Le titre complet du disque ne le cache pas, d’ailleurs : War & Peace 1618-1918. Le livret d’accompagnement explique le rapprochement a priori incongru de ces deux dates. 1618 marque en effet le début de la Guerre de Trente Ans, et le but est ici de jeter une passerelle par-dessus trois siècles, dans la mesure où certains thèmes sont toujours d’actualité. La faim, le désespoir, l’appel à la pitié – de Dieu ou des hommes –, voilà quelques-unes des notions que l’on retrouve d’une guerre à l’autre, qui permet de juxtaposer les textes par-delà l’extrême diversité des partitions. Le plus curieux reste le point de départ du disque : Dorothee Mields a contacté le luthiste Wolfgang Katschner dans le but d’interpréter un étrange recueil, les Chants d’une pauvre fille composés au tout début des années 1920 par Friedrich Hollaender (1896-1976), élève de Humperdinck, collaborateur de Max Reinhardt, et à qui Josef von Sternberg confiera plus tard la musique de L’Ange bleu. Ayant fui l’Allemagne nazie en 1933, Hollaender aura une longue carrière pour le cinéma hollywoodien, Marlene Dietrich continuant à interpréter ses chansons. Pour War & Peace 1618-1918, Dorothee Mields a retenu cinq des treize Chants d’une pauvre fille, qui ouvrent et referment le programme. Le plus frappant est sans doute « L’Artiste de la faim », qui s’appuie sur la nouvelle de Kafka qui porte le même titre : frappant non seulement par la violence narquoise de son texte (dû au compositeur lui-même), où une jeune femme donne sa sous-nutrition en spectacle, mais aussi et surtout par la manière dont la soprano s’autorise ici toute l’expressivité qu’on a coutume d’associer aux chanteurs de cabaret, avec un passage très souple du chanté au parlé, et des intonations délicieusement canailles. La référence n’est pas ici Lotte Lenya, mais Blandine Ebinger, épouse de Friedrich Hollaender et créatrice du cycle écrit en dialecte berlinois, mais dont Dorothee Mields « normalise » la langue pour la rendre plus accessible.

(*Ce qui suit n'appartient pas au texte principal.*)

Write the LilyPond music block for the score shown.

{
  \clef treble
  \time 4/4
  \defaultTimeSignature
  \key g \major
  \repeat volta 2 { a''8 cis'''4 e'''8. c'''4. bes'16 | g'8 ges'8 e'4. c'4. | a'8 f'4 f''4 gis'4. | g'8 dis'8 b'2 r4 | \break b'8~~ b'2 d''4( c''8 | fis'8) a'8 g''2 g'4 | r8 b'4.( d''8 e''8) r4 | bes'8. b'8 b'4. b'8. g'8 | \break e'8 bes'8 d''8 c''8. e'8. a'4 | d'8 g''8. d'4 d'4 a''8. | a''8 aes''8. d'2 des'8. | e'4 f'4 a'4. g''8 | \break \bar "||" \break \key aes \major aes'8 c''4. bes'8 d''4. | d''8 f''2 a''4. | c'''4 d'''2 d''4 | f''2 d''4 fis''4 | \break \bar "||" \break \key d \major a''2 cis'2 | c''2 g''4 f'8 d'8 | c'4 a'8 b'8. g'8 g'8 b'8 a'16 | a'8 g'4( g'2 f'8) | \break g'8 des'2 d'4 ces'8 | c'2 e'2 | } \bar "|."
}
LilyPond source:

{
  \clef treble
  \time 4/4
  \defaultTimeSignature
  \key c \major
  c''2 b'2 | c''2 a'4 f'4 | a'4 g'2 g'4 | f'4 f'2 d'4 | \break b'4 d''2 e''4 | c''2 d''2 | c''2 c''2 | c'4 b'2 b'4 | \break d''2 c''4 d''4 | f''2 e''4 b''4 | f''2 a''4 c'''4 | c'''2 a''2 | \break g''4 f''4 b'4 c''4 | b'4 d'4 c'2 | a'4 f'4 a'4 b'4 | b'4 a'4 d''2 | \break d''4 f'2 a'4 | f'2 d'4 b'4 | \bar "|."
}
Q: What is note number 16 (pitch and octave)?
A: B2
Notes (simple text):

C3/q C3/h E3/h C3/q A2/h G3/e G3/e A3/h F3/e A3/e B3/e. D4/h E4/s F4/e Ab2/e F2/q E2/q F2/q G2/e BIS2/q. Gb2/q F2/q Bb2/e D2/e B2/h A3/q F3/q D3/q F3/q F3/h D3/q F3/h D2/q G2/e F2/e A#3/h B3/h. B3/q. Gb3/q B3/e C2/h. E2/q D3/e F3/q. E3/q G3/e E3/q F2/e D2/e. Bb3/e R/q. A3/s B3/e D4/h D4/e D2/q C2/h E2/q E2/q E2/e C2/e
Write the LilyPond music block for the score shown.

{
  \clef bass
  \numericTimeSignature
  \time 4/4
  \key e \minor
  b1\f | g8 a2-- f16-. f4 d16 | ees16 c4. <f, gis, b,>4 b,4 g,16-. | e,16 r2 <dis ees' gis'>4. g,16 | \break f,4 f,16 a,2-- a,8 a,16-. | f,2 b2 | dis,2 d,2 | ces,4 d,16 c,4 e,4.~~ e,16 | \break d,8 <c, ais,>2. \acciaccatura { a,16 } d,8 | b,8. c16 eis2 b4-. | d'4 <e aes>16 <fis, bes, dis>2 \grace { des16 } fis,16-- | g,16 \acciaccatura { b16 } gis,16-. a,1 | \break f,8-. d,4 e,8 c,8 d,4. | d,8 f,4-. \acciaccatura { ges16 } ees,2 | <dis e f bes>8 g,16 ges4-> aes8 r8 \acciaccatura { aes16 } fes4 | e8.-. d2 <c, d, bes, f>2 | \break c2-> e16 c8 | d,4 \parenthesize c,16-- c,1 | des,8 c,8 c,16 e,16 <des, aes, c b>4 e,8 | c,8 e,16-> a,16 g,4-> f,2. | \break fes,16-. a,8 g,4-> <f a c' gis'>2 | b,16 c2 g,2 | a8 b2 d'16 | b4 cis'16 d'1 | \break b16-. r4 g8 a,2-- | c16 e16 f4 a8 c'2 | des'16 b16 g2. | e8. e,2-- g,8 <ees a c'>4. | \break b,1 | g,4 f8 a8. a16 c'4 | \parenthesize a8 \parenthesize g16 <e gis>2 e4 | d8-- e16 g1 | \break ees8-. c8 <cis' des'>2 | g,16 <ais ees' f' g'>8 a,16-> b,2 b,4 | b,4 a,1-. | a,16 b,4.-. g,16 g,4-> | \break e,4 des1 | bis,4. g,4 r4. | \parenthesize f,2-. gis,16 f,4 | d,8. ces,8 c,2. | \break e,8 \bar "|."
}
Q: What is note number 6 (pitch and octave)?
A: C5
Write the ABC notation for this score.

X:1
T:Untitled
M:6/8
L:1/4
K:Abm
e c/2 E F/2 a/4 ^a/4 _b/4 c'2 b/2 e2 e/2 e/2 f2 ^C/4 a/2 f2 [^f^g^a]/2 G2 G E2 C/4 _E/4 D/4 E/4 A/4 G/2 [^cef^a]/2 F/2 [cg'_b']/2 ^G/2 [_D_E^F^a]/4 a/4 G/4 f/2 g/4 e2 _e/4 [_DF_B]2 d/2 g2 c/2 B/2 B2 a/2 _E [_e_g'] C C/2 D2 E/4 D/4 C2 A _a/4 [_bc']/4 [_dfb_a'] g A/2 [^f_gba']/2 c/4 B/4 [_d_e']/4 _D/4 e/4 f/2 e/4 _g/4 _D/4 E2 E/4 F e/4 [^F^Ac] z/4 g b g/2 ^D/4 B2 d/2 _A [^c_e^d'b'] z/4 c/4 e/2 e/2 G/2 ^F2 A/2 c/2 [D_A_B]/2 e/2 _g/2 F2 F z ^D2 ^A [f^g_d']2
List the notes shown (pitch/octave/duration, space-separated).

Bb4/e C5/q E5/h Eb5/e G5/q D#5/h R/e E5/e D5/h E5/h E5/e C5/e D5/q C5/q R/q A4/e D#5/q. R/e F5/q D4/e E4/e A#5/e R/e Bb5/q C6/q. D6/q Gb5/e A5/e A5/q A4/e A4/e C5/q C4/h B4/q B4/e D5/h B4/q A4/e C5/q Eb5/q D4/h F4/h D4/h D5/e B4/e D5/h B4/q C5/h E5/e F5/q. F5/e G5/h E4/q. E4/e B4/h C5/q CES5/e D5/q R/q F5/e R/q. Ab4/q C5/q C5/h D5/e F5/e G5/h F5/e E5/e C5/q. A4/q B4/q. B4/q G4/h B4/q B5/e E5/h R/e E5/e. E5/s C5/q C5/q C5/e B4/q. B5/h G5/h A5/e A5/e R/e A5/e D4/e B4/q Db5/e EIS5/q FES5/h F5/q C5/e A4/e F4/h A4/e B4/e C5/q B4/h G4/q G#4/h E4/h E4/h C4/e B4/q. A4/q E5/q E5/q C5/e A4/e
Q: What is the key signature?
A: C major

Si vous pensiez encore que la chanteuse était définitivement abonnée à l’angélisme de la musique religieuse de Bach et de ses contemporains, ce disque vous détrompera. Malgré tout, la soprano n’a rien perdu de la pureté de son émission dès lorsqu’il s’agit d’interpréter l’autre versant du répertoire ici convoqué. Aux songs de Hollaender s’ajoutent diverses mélodies que des textes de Brecht ont inspiré à Hanns Eisler – qui mérite largement l’intérêt que l’on réserve d’ordinaire à Kurt Weill, et qui attirer d’autres voix que celle de Matthias Goerne – ainsi que deux partitions d’Erik Satie : voilà pour le versant 1918, qui déborde jusqu’en 1945. Toutes ces musiques du XXe siècle sont entremêlées à celles du XVIIe, signées Heinrich Schütz, Andreas Hammerschmidt, Samuel Scheidt et plusieurs autres encore, en reculant jusqu’au début du XVIe siècle avec Heinrich Isaac. Comme on le disait plus haut, les appels à la pitié sont nombreux, avec toutes les déclinaisons possibles du thème « Erbarme dich », mais l’on découvre aussi quelques formules plus originales, comme les « Derniers mots d’une jeune fille jadis fière et maintenant mourante », mis en musique par Heinrich Albert. Même en temps de guerre, on savait prendre du bon temps, comme l’indique l’hymne à l’oie parsemé de latin, conçu par Melchior Franck. Regroupés selon quatre grands thèmes (Peur, Catastrophe, Mortalité et Aspirations), toutes ces œuvres fort diverses sont unifiées par les arrangements signés tantôt du Suisse Bo Wiget, tantôt de Wolfgang Katschner lui-même.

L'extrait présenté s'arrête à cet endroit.